─── RECORDS PROVIDED ───

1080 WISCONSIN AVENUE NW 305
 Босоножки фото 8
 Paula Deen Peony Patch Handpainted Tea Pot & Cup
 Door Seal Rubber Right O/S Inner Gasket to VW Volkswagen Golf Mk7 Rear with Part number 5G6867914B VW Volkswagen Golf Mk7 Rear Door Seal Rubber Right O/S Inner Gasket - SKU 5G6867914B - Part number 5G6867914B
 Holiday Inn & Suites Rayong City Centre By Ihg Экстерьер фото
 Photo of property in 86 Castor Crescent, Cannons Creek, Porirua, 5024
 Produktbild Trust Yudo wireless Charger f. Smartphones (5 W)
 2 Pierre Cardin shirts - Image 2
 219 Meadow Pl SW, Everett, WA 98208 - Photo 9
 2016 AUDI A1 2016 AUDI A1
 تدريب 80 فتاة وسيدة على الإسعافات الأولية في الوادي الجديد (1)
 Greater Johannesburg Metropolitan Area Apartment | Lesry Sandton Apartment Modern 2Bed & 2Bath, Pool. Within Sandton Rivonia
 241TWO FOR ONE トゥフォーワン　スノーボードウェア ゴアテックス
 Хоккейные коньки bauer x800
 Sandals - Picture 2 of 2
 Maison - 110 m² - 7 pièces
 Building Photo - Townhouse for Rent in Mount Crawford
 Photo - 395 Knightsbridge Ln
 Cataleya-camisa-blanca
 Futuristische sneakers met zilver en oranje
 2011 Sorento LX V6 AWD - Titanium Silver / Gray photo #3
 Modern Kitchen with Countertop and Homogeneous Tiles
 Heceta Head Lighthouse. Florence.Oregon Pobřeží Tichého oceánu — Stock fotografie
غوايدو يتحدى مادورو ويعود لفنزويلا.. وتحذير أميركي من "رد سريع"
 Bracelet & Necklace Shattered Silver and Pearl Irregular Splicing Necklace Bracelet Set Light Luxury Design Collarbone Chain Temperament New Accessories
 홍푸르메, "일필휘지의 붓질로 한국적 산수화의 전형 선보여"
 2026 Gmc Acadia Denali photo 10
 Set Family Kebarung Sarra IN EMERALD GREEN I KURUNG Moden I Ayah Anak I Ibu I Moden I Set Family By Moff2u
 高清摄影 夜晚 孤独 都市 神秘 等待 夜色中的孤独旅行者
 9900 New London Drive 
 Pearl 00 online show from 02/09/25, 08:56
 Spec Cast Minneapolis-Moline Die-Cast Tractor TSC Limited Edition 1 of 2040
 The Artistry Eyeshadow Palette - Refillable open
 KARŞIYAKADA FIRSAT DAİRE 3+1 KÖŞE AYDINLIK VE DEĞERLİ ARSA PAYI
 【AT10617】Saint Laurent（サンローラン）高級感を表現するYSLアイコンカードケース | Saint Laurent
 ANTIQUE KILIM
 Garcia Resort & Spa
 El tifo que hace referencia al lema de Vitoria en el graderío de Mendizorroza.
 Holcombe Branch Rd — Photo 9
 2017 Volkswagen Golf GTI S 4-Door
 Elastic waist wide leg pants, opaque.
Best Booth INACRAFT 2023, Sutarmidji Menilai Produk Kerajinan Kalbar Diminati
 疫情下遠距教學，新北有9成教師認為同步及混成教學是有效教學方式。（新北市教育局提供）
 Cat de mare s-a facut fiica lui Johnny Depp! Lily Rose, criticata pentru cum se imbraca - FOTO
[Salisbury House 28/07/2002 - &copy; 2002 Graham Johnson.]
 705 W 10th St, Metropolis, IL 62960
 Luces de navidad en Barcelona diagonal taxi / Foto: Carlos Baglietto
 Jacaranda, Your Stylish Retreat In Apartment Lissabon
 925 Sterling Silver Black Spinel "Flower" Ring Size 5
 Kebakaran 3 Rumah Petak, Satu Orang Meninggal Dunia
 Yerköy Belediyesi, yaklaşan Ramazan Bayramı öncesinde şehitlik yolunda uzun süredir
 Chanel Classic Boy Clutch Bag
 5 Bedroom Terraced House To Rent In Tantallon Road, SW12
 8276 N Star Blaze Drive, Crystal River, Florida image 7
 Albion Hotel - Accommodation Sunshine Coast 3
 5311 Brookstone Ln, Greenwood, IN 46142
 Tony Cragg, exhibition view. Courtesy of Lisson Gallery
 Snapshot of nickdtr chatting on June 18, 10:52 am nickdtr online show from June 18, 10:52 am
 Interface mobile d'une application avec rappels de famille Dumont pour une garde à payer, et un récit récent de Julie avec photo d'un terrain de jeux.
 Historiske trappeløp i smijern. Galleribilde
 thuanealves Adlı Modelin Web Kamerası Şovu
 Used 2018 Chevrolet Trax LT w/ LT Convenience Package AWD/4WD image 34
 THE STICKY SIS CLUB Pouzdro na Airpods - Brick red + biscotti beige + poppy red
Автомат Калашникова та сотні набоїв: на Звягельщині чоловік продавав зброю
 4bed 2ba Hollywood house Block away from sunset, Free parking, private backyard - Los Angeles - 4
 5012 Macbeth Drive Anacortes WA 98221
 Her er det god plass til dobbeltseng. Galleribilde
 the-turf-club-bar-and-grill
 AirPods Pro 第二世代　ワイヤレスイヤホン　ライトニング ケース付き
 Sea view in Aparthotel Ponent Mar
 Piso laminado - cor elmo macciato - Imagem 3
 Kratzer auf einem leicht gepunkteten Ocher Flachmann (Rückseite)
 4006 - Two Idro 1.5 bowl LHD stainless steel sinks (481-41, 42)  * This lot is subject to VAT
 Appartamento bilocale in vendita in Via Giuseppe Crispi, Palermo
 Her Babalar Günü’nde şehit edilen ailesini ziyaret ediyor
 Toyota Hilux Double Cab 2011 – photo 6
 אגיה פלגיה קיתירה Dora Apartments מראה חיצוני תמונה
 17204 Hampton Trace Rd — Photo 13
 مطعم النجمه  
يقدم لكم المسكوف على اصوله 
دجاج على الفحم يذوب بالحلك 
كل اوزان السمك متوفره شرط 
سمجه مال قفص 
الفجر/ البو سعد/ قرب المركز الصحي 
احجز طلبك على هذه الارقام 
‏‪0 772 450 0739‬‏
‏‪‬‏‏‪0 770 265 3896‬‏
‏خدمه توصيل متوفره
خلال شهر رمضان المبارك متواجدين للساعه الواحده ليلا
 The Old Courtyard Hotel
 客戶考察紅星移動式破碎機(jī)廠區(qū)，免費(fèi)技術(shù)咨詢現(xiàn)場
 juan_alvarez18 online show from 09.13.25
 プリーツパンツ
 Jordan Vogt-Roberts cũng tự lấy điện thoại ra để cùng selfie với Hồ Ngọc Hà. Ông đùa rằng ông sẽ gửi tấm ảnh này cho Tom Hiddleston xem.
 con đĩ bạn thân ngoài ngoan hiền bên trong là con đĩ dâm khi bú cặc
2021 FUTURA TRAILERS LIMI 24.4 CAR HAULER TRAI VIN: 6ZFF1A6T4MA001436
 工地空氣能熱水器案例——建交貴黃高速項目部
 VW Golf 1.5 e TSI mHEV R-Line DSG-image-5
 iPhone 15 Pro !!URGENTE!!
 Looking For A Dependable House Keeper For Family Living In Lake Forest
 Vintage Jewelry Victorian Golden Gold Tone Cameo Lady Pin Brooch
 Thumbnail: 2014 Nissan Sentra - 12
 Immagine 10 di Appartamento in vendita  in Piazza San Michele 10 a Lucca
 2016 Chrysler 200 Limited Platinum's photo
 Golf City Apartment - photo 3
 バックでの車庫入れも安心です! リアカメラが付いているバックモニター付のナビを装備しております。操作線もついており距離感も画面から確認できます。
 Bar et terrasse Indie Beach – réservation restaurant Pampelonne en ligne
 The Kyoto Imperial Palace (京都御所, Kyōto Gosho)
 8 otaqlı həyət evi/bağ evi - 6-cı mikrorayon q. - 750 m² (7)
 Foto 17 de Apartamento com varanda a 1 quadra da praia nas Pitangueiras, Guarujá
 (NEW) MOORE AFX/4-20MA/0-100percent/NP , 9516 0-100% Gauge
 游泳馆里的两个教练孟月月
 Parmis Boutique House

───

#### PROBLEM:
Repeat, exactly as they stand above, the lines from the line with "Sea view in Aparthotel Ponent Mar" to the line with "4006 - Two Idro 1.5 bowl LHD stainless steel", both lines included.

#### RESPONSE TO THE EXERCISE:
 Sea view in Aparthotel Ponent Mar
 Piso laminado - cor elmo macciato - Imagem 3
 Kratzer auf einem leicht gepunkteten Ocher Flachmann (Rückseite)
 4006 - Two Idro 1.5 bowl LHD stainless steel sinks (481-41, 42)  * This lot is subject to VAT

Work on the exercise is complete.